I ja sam primetio taj problem s deklinacijom "doba" na HJP i isto sam se tako mnogo čudio kako bi mogao da bude tako nelogično!


----------



## Vincent Jappi

Both my French and German dictionaries indicate "doba" as indeclinable.   Maybe  the rule  is so contrary to the spirit of the language that it is being followed by no one.   But why would dictionaries and manuals contradict actual practice if there were no reason for it?

The author of "DAS KROATISCHE VOLKSSPRACHLICHE MISSALE ROMANUM DES 16. JAHRHUNDERTS"  also seems to believe hat "doba" is indeclinable.
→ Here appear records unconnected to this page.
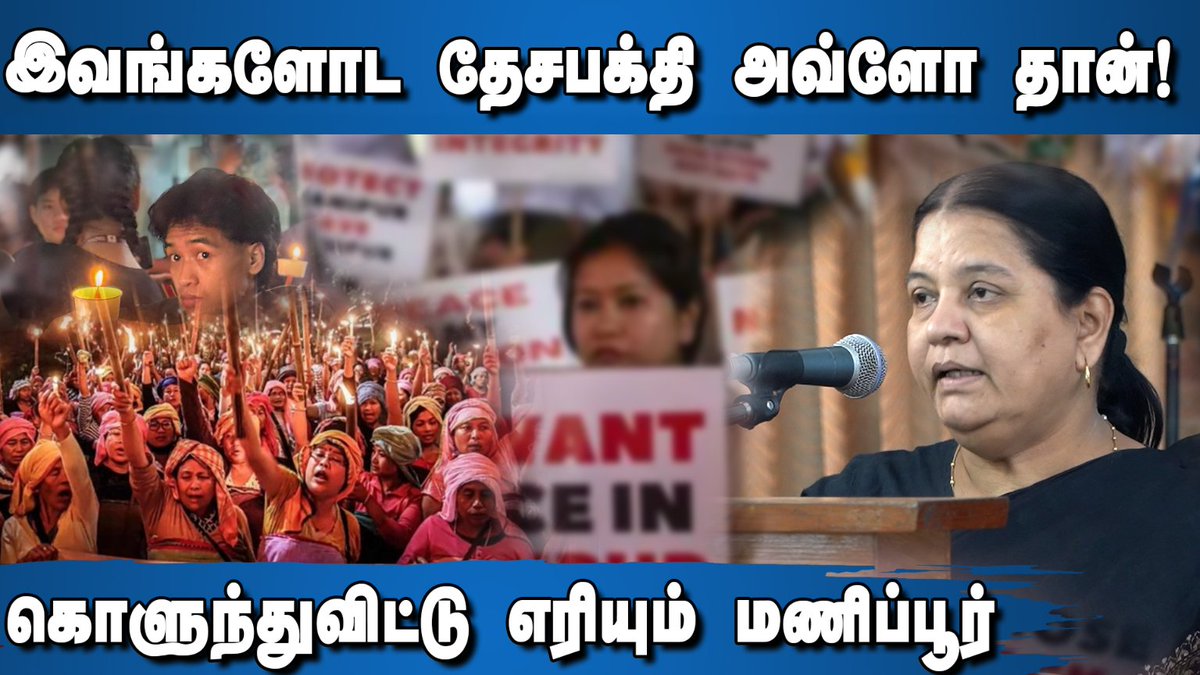 இவங்களோட தேசபக்தி அவ்ளோ தான்! கொளுந்துவிட்டு எரியும் மணிப்பூர்....

Watch Full Video: youtu.be/NX5F_6pWQK4

#DialogueTamil #Manipurviolence #OtrumaiKoodukai #Chennai #Northeast #stopmanipurviolence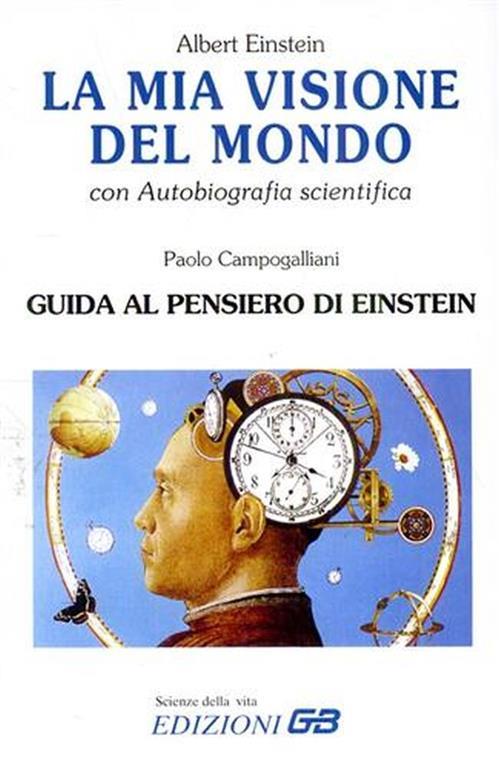 Tra i miei mondi. Un'autobiografia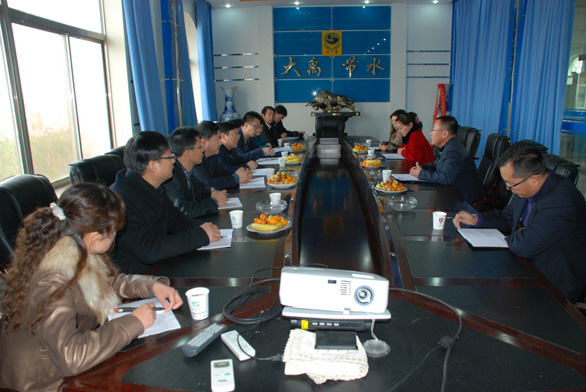 尊龙抖圈 - 为du而生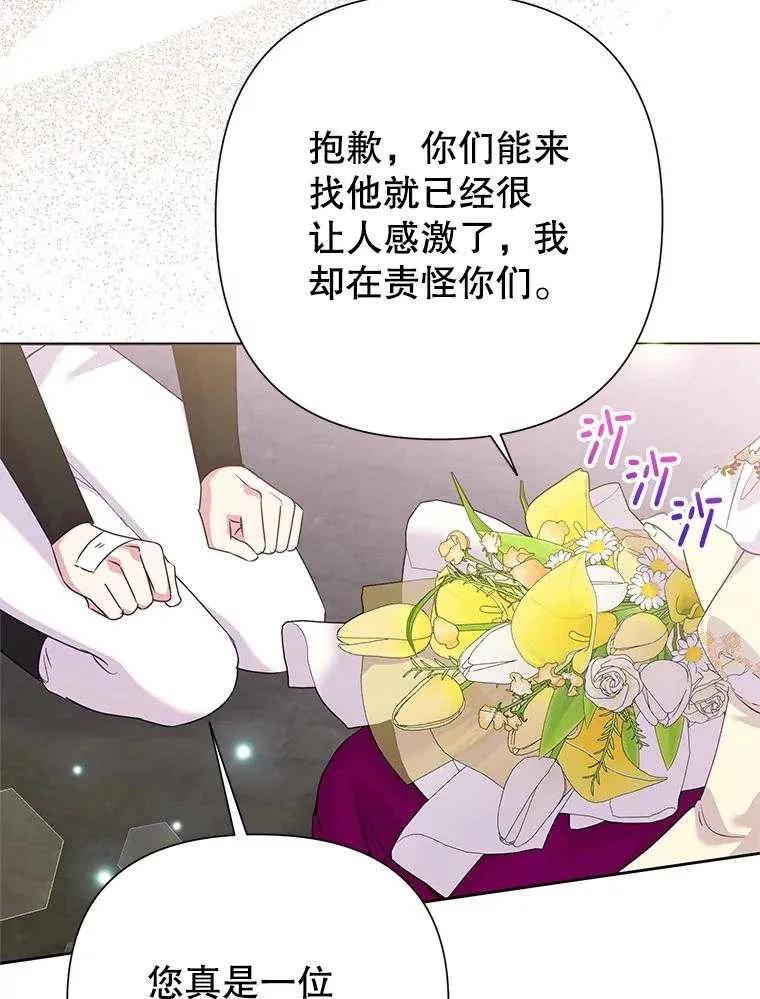 《恶女今天也很快乐 K》第99话 第92页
He says :   'Nur einmal ist das Substantiv doba im Genitiv mit der Endung -i belegt: do togai dobi (284). Im Übrigen ist doba WIE HEUTE INDEKLINABEL, vgl. "u mieru doba" (240, 373),  "u to(i) doba" (32, 104, 107, 141, 228), "do toga(i)doba" (175)'

"Hrvatski pravopis: Obradio Ured za hrvatski jezik" Franjo Cipra, A. B. Klaić - 1944 - 459 s.  "obično se ne sklanja, na pr. živimo u velikom doba; Novo Doba novine"


----------



## Duya

I trust you, but they got it wrong (overwriting from the same source, perhaps?).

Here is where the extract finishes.